Entries provided |
--- --- ---

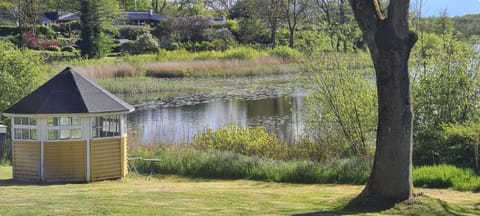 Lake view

--- --- ---

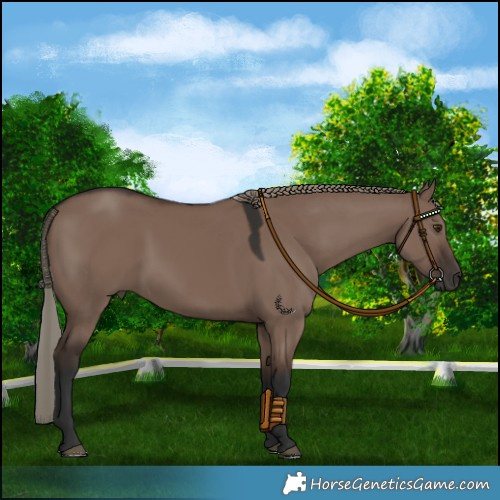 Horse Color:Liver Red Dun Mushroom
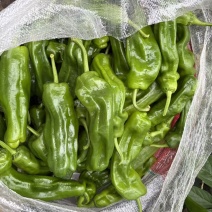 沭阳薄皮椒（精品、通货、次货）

--- --- ---

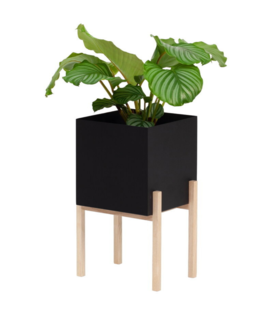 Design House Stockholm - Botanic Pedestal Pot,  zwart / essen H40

--- --- ---

Work request |
Using the listing above, reproduce word for word every line from the one containing "Horse Color:Liver Red Dun Mushroom" through the one containing "沭阳薄皮椒（精品、通货、次货）". Pictures must be left out.

Response to the exercise |
 Horse Color:Liver Red Dun Mushroom
 沭阳薄皮椒（精品、通货、次货）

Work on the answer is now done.